Lineage Dependency Report.xlsx: This report contains information about views and package level lineages. It includes information about used and impacted tables, views, files, direct dependencies, dependency hierarchy and more.
This report contains the following information:
- view_report: Provides information about the views.
- script_report: Provides information about package level lineage.
Detailed ssis Assessments Reports
To access a detailed assessment report, open the ssis folder.
SSIS Report.xlsx: This report provides insights about the source inventory. It helps you plan the next frontier of a modern data platform methodically. It includes information about files, sub packages, precedence constraints, and more.
This report contains the following information:
- Report Summary: Provides information about all the generated artifacts.
- Volumetric Info: Presents a summary of the aggregated inventory after analyzing the source files. For instance, it provides total number of packages, executables, transformations, sub-packages, and likewise. It also provides package-level complexity.

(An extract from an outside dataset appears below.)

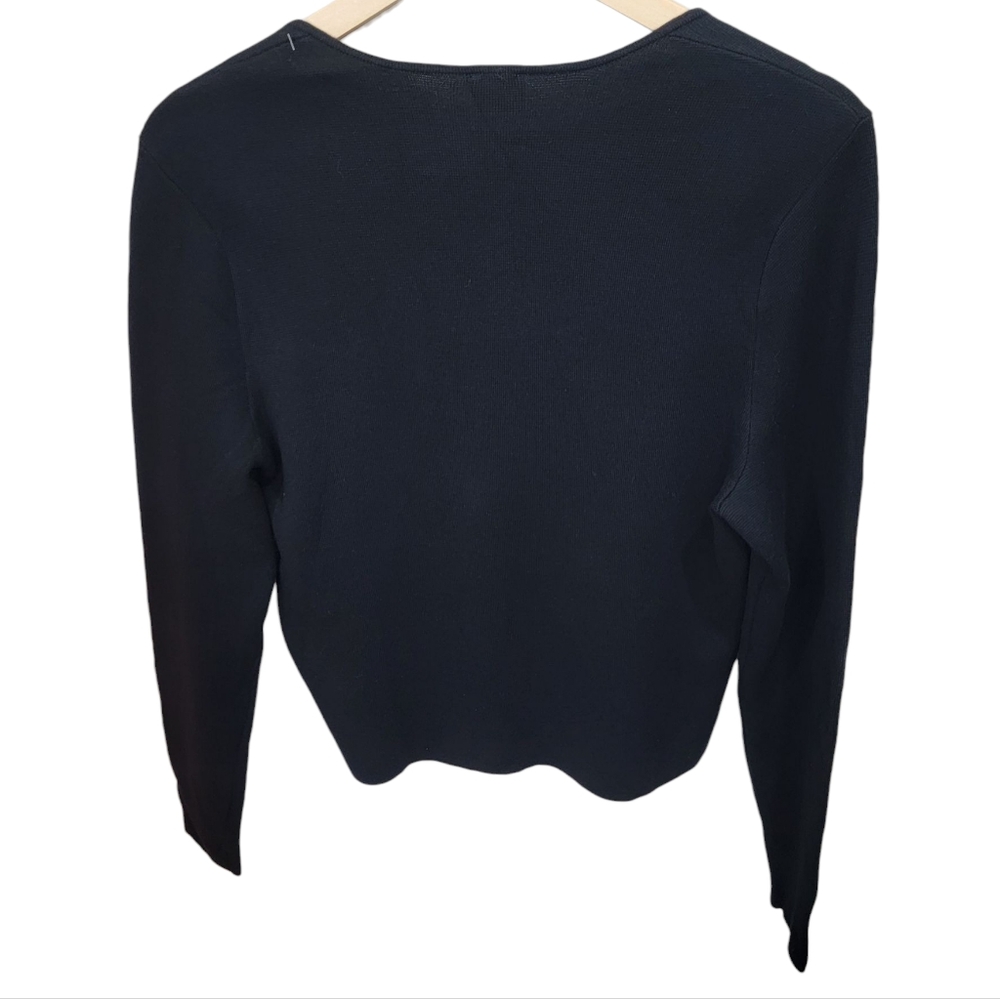 Abercrombie & Fitch Waffle Knit Top Notch Sweetheart Neckline Long Sleev… - Picture 6 of 14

- File Summary: Lists all the SSIS input files. It contains the total count of executables, pipeline, components, connections, sub-packages, and so on for every SSIS package.

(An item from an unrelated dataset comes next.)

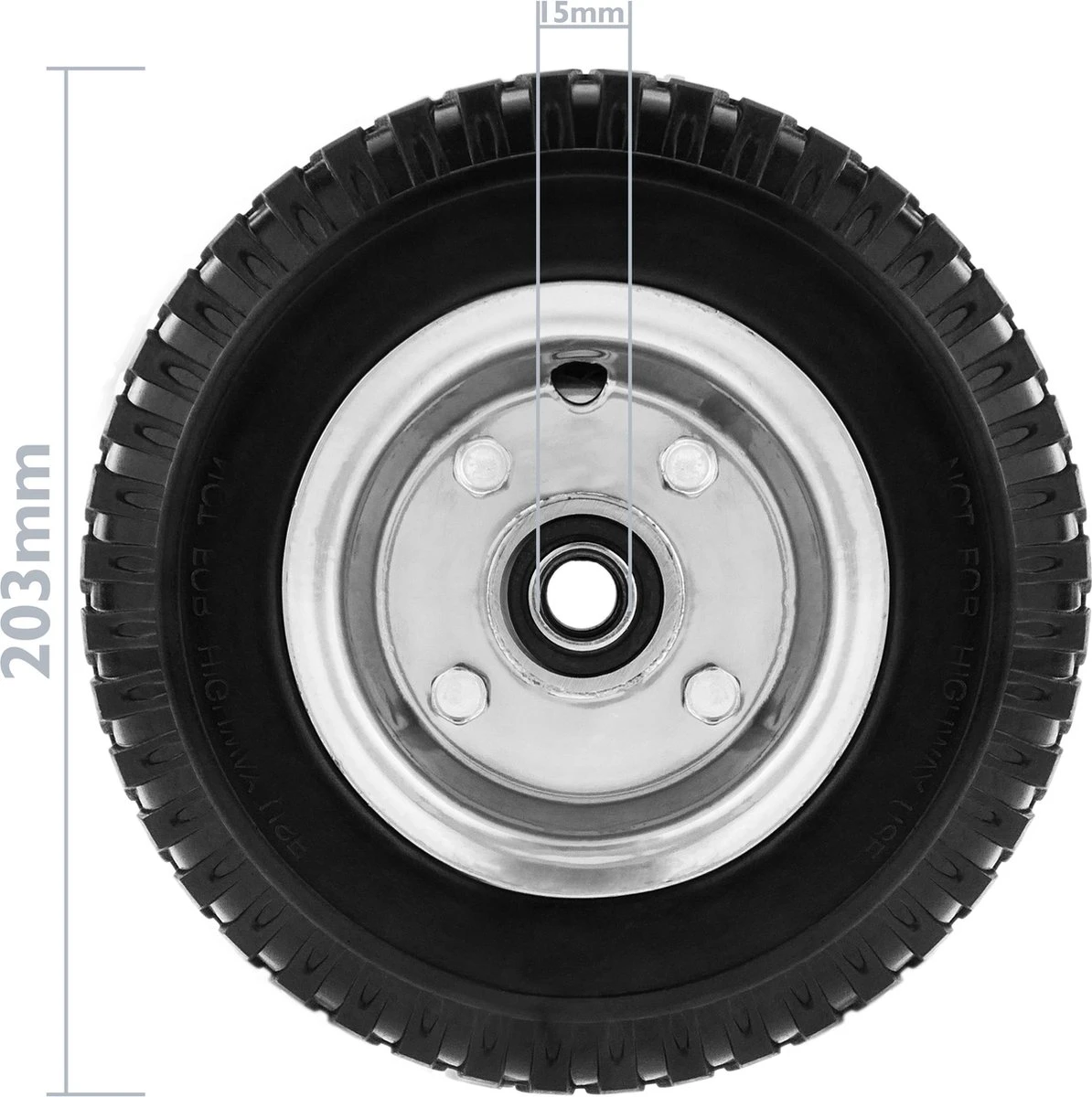 PrimeMatik - Roue De Brouette Massief 70 Kg 8x2.5" 203x64 Mm. Courroie De Rechange Pour Plate-forme De Transport Et Chariots 2 PrimeMatik - Roue De Brouette Massief 70 Kg 8x2.5" 203x64 Mm. Courroie De Rechange Pour Plate-forme De Transport Et Chariots – Image 2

- Sub-packages: Packages within another package. It lists all the SSIS packages and the associated sub-packages.
- Precedence Constraints: Defines the relationship between two precedence constraints or tasks.

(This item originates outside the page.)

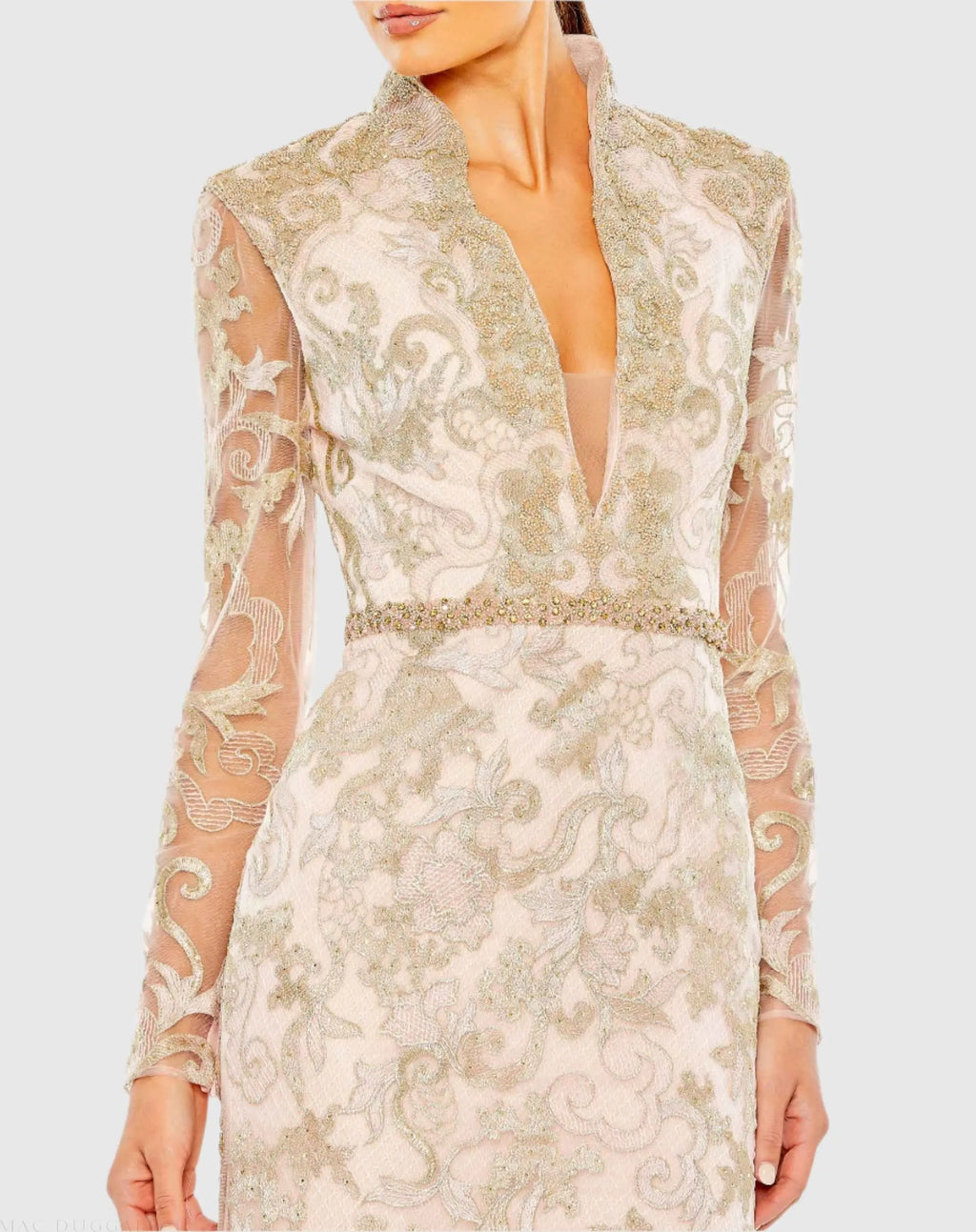 Pink Queen Anne Lace Long Sleeve V-Neck Trumpet Gown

- Procedure: Lists all the procedures.
- Query: Lists all the SQL queries along with the information about executable, executable type, component type, and so on.
- Transformation: Provides information about transformations.
- Connection: Defines to implement integration services to move data from one place to another. It lists all the connections along with the connection manager reference id.
- Entity: Lists all the entities. It also includes information about the entity type, database name, statement type and so on.
- Parsed Query: Lists all the queries that parsed.
- Unparsed Query: Lists all the queries that are not parsed.
- Event Handler: Helps to manage and execute events that arise during the run time. This sheet provides information about the event handlers along with the executables and types.
- Script Task: Helps to add new functionality to expand the SSIS package capabilities using C++ or Visual Basic. This sheet provides information about the executables, language, project items, and so on.
- Execute Process: Executes batch files or command files. This sheet provides information about executables, execute process data, arguments, and so on.
- Executables: It is the control flow in SSIS packages. It lists all the executables along with their type.
- Connection Manager: Provides information about the connection manager. It includes the creation name and connection string.
- Package Parameter: Lists all the SSIS packages along with package parameter details.
Browse through the query folder to access the Queries.csv file.
Queries.csv: This report provides information about queries including the used and impacted tables, analyzed status, complexity, and more. If the analyzed status is Analyzed, it indicates that the query is analyzed successfully. Conversely, a Not Analyzed status indicates that the query is not analyzed.
Source Inventory Analysis
It is an intermediate report which helps to debug failures or calculate the final report. It includes all the generated CSV reports.
external_procedures_details.CSV: Provides information about external procedures files. It includes information about packages, procedures, and its availability.
invalid_query.csv: This report lists all the invalid queries.
Lineage Report
This report provides complete dependency details for all nodes. It provides an end-to-end data and process lineage that helps to identify the complete dependency structure and the data flow.
This report contains the following information:
- Dependency (Process): Provides information about the process lineage.
- Dependency (Data): Provides information about the data lineage.
- Nodes: Lists all the source and target nodes along with its type.
- Volumetric Info (Summary): Provides volumetric information about the artifact types such as input tables, output tables, and schedulers.